==== Source material ====

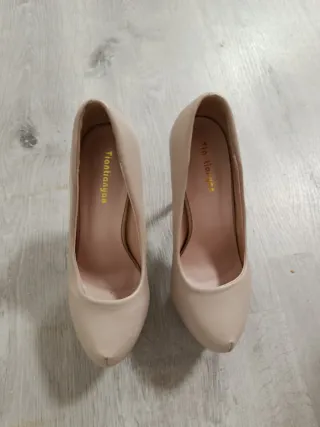 Zapatos de tacón beige talla 35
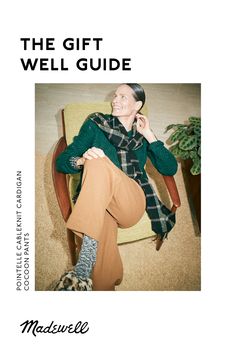 Gift Guide Women, Cross Gift, Minimalist Lifestyle, Retro Vintage Style, Madewell Jeans, The Present, To Do, Sweater Shop, Plaid Scarf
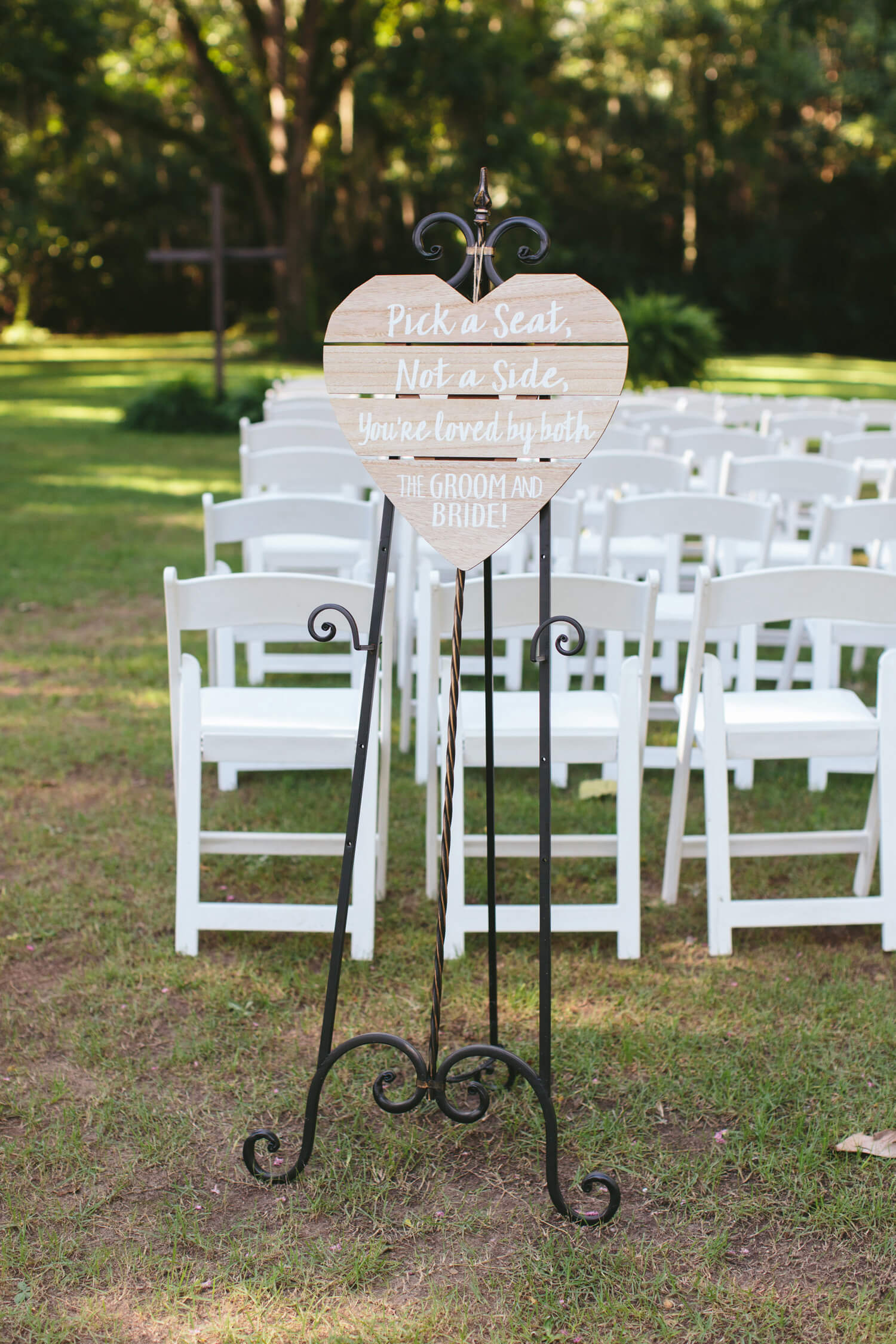 aisle sign at the elms of coosada wedding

====

== Work task ==
The result should be the material above, unchanged and free of pictures; please print it.

== Answer section ==
 Zapatos de tacón beige talla 35
 Gift Guide Women, Cross Gift, Minimalist Lifestyle, Retro Vintage Style, Madewell Jeans, The Present, To Do, Sweater Shop, Plaid Scarf
 aisle sign at the elms of coosada wedding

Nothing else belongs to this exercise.